Start of THE INPUT

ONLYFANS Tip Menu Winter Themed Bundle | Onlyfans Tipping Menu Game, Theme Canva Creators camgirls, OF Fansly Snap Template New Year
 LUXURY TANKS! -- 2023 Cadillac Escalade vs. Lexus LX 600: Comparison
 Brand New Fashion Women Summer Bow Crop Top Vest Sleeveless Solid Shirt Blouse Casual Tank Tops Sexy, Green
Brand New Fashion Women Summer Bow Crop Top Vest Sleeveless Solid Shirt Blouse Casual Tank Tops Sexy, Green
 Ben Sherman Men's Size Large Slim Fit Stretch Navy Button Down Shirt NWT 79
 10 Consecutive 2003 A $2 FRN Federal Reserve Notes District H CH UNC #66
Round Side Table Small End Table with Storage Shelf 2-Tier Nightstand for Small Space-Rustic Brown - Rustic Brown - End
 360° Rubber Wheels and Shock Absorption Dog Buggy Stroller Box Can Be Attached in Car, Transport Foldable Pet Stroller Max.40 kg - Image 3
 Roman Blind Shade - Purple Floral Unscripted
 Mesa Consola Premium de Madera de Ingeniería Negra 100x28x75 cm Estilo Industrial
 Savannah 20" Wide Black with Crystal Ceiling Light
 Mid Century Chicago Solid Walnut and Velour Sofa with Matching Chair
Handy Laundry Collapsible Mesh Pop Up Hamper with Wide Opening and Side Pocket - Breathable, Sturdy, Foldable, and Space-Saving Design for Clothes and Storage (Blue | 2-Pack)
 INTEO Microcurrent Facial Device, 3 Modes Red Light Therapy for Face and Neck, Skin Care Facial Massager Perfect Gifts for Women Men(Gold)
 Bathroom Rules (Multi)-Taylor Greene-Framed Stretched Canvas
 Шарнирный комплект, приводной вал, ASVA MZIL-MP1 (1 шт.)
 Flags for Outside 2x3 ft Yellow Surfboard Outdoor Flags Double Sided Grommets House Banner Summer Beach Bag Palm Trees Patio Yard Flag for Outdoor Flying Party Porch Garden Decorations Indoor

End of THE INPUT

- [THE PROBLEM] Every line above from the line with "LUXURY TANKS! -- 2023" to the line with "10 Consecutive 2003" is wanted, ends included; write them out exactly and add no other line.

- [EXPECTED OUTPUT]
 LUXURY TANKS! -- 2023 Cadillac Escalade vs. Lexus LX 600: Comparison
 Brand New Fashion Women Summer Bow Crop Top Vest Sleeveless Solid Shirt Blouse Casual Tank Tops Sexy, Green
Brand New Fashion Women Summer Bow Crop Top Vest Sleeveless Solid Shirt Blouse Casual Tank Tops Sexy, Green
 Ben Sherman Men's Size Large Slim Fit Stretch Navy Button Down Shirt NWT 79
 10 Consecutive 2003 A $2 FRN Federal Reserve Notes District H CH UNC #66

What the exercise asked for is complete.